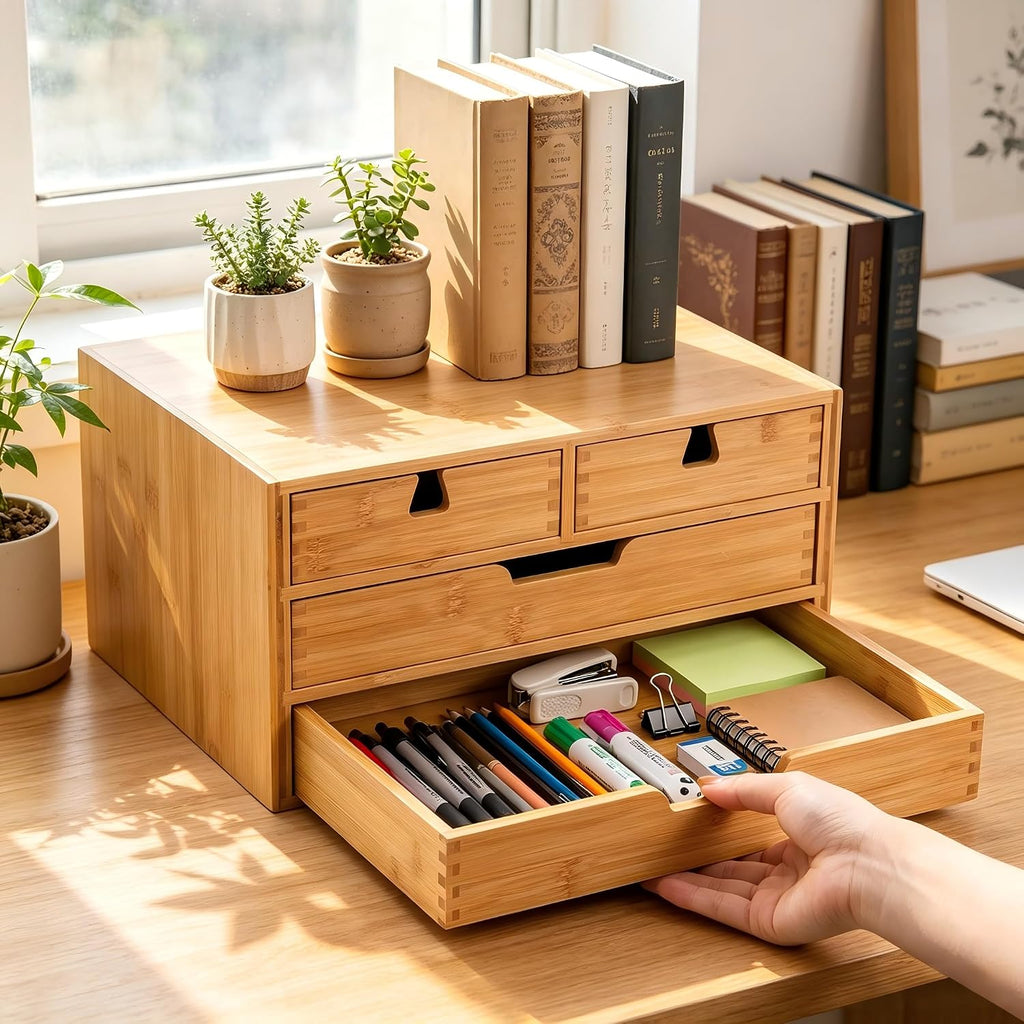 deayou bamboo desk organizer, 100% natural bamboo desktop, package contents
·····
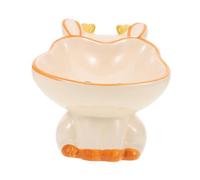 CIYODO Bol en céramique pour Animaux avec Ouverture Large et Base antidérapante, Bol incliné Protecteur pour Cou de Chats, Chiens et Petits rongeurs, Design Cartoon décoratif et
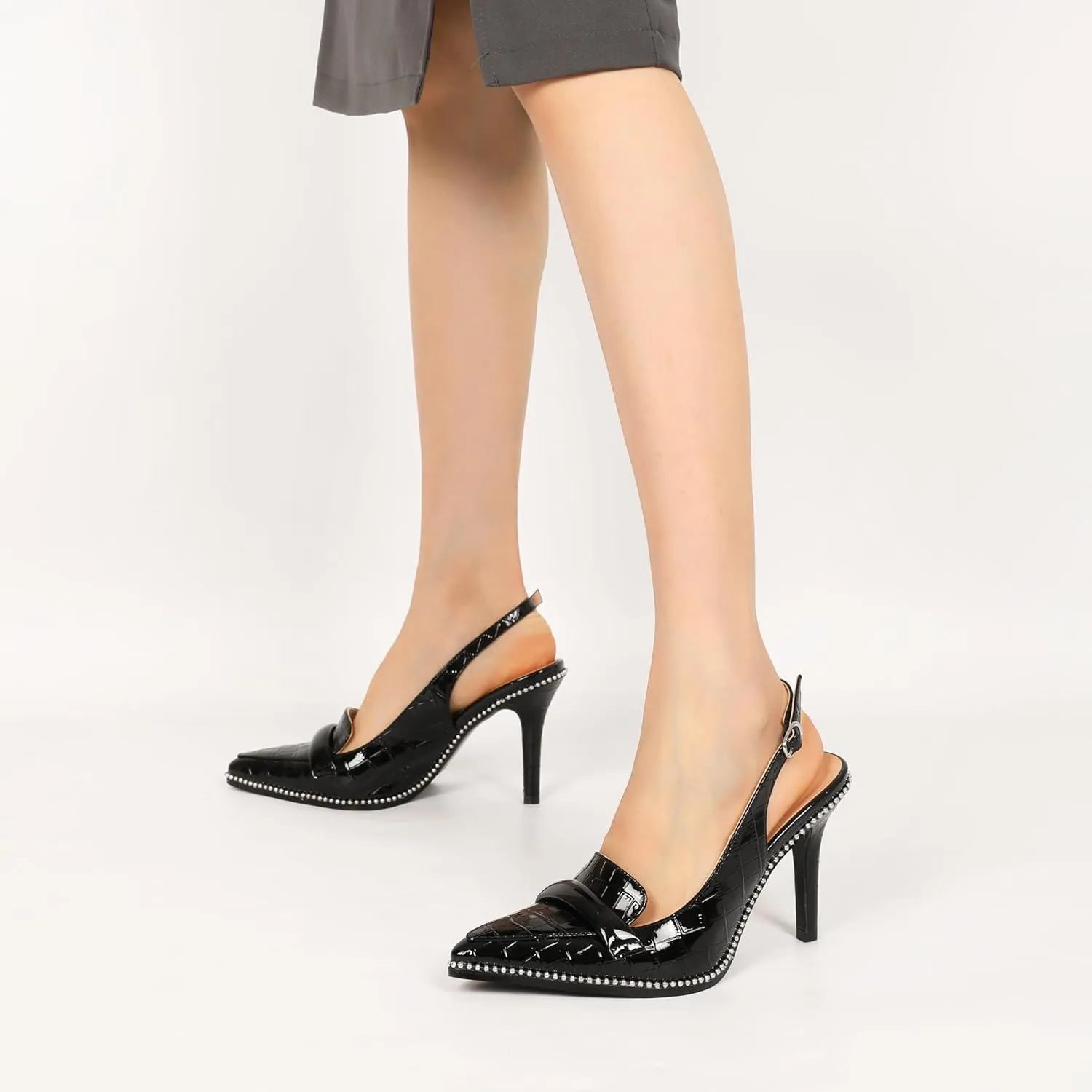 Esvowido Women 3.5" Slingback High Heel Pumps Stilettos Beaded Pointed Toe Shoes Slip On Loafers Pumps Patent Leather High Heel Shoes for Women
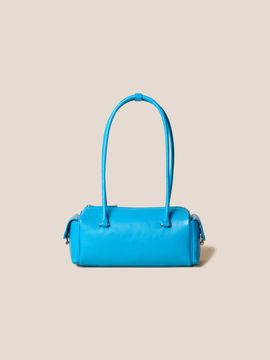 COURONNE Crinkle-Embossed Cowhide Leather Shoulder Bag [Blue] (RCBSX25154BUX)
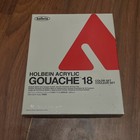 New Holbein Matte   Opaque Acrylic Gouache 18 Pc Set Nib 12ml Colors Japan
·····
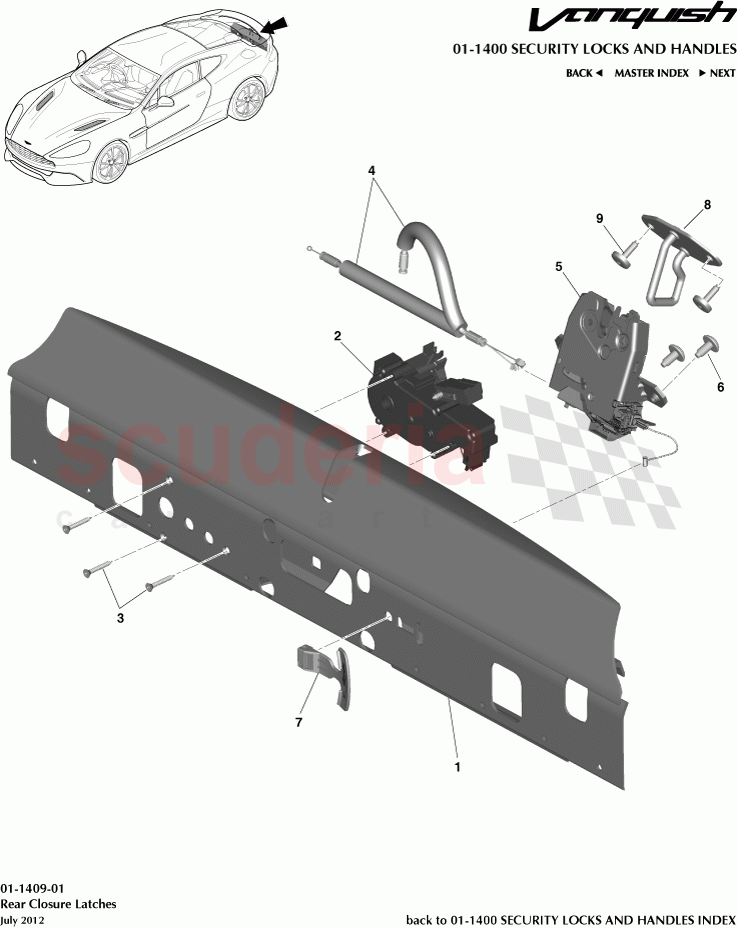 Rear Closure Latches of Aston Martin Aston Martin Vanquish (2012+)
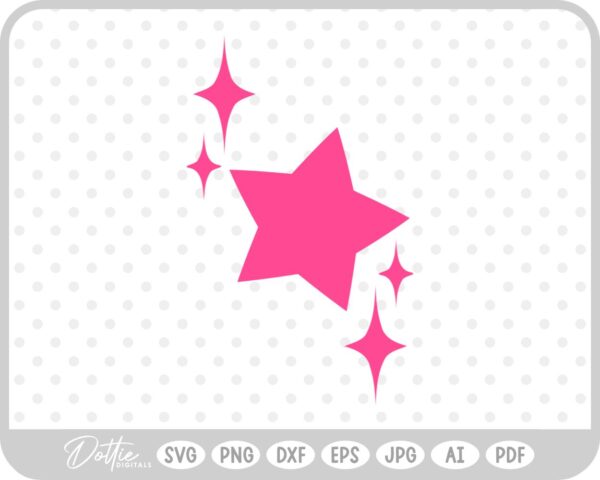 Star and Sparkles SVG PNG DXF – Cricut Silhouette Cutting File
·····
## Exercise details
Look above for the line with "COURONNE Crinkle-Embossed Cowhide" and the line with "New Holbein Matte", then copy exactly the lines from the first through the second, both kept, with no pictures.

## Response to the task
 COURONNE Crinkle-Embossed Cowhide Leather Shoulder Bag [Blue] (RCBSX25154BUX)
 New Holbein Matte   Opaque Acrylic Gouache 18 Pc Set Nib 12ml Colors Japan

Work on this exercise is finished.